Jesus’ Prayer for Believers

Jimmy Clark

“Neither pray I for these alone, but for them also which shall believe on me through their word; That they all may be one; as thou, Father, art in me, and I in thee, that they also may be one in us: that the world may believe that thou hast sent me” (John 17:20-21). These passages should be familiar to any strong Bible student. These words are fundamental to the blessing of unity with the Father and the Son as well as with all who believe. This prayer has some powerful thoughts for all who claim to believe. Consider three.

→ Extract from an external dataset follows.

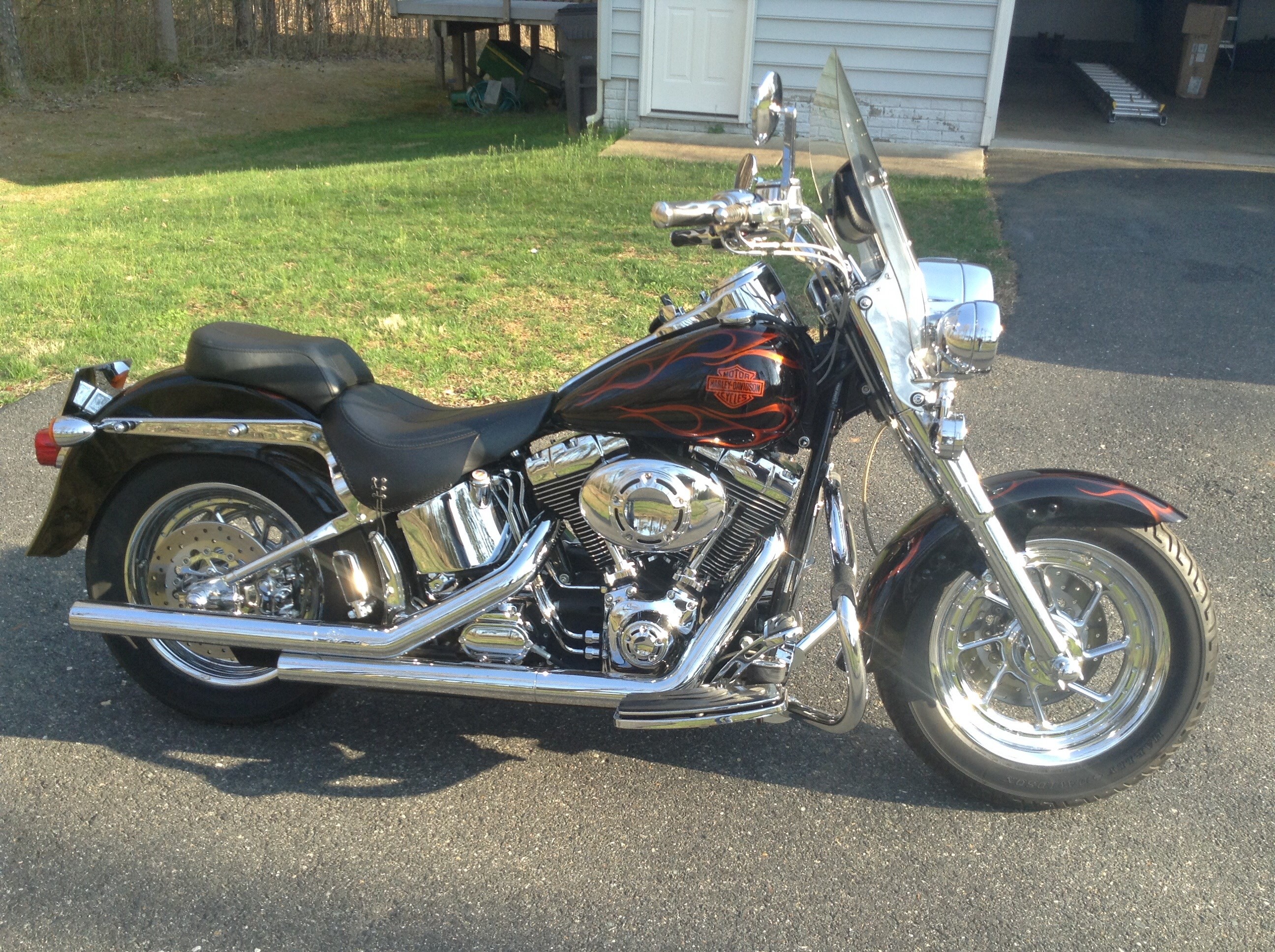 2004 Harley-Davidson® FLSTF/I Softail® Fat Boy® (Black ...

Unity through the Apostles’ Words

Jesus specifically gave the means by which believers would be unified. “Neither pray I for these alone, but for them also which shall believe on me through their word” (John 17:20). Jesus prayed for the apostles as His own believers and then for those who would come to believe through the apostles’ words. Those words that came from the apostles which would produce unity would be and are the inspired Word of God, not their mere human points of view. This is seen in the context of these prayers in John 14:23-26, John 15:26-27 and John 16:12-13. The idea that religious people who claim to believe in Jesus can be united biblically through different faiths is denied categorically in 1 Corinthians 1:10, Ephesians 4:4-6 and 2 John 9-10. What the apostles said (1 Corinthians 2:12-13) and wrote (1 Corinthians 14:37; 2 Timothy 3:16-17; 2 Peter 3:15-16), guided by the Holy Spirit (2 Peter 1:20-21), was and is of God, not of men. There can be no unity among believers apart from “their word” (John 17:20).

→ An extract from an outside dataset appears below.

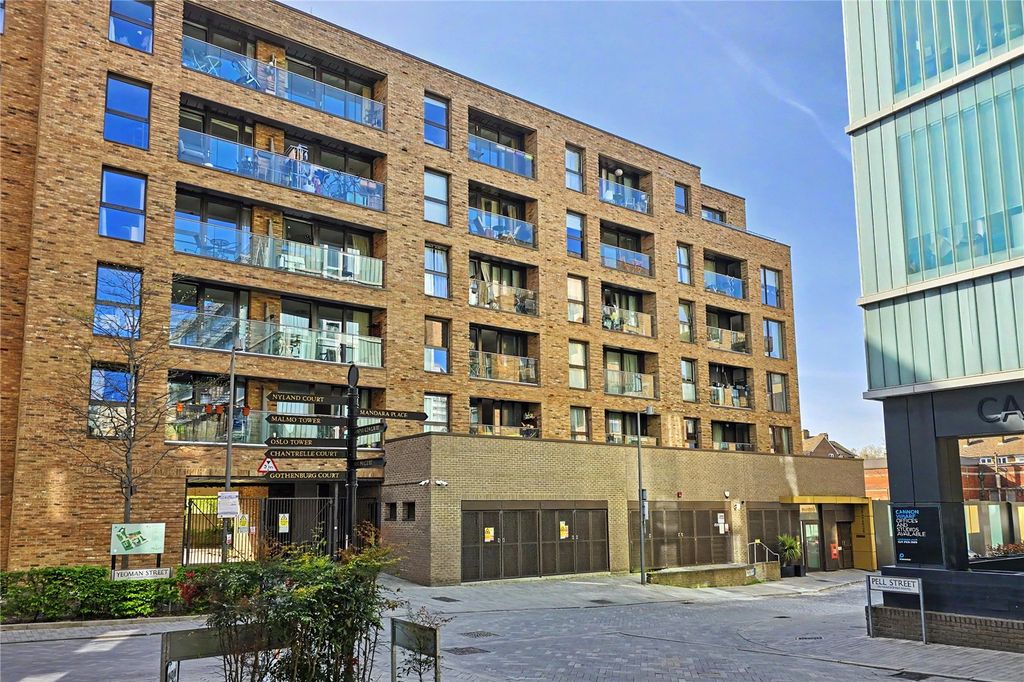 Property photo 2 of 21 Picture No. 28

Unity Tied to the Association with Deity

The Word of God through the apostles is the message that brings unity with the Godhead. John wrote further, “That which we have seen and heard declare we unto you, that ye also may have fellowship with us: and truly our fellowship is with the Father, and with his Son Jesus Christ” (1 John 1:3). There is no doubt that the apostles were in the right relationship with God. Paul wrote of God’s divine economy, “And God hath set some in the church, first apostles” (1 Corinthians 12:28). Paul wrote to Timothy, “Take heed unto thyself, and unto the doctrine; continue in them: for in doing this thou shalt both save thyself, and them that hear thee” (1 Timothy 4:16). He would follow that with the words, “If any man teach otherwise, and consent not to wholesome words, even the words of our Lord Jesus Christ, and to the doctrine which is according to godliness; He is proud, knowing nothing” (1 Timothy 6:3-4). Unity with God demands unity with the teaching (John 13:23-24).

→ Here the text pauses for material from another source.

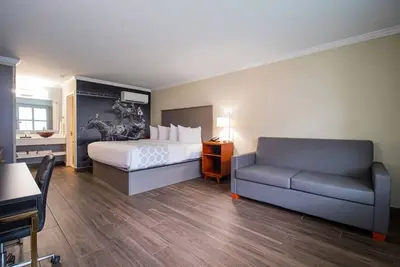 Image de Relax and Unwind! Pet-Friendly Property, Onsite Pool, Free Breakfast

Unity Turned toward Affecting the World

Jesus stated of this unity, “that the world may believe that thou hast sent me” (John 17:21).The unity of believers in the same truth makes a bold statement to the world. False teaching creates confusion (James 3:15-16) and is not of God (1 Corinthians 14:33). The world needs a clear message unmixed with the doctrines of men. It needs to be distinctive in its stand and wholeheartedly made a way of living by its adherents. The claim that one can believe whatever and still be right with God is scoffed at by the unbelieving world and condemned by the Bible (Matthew 7:21-23; 15:9). Truth, by definition, is consistent with itself and not self-contradictory.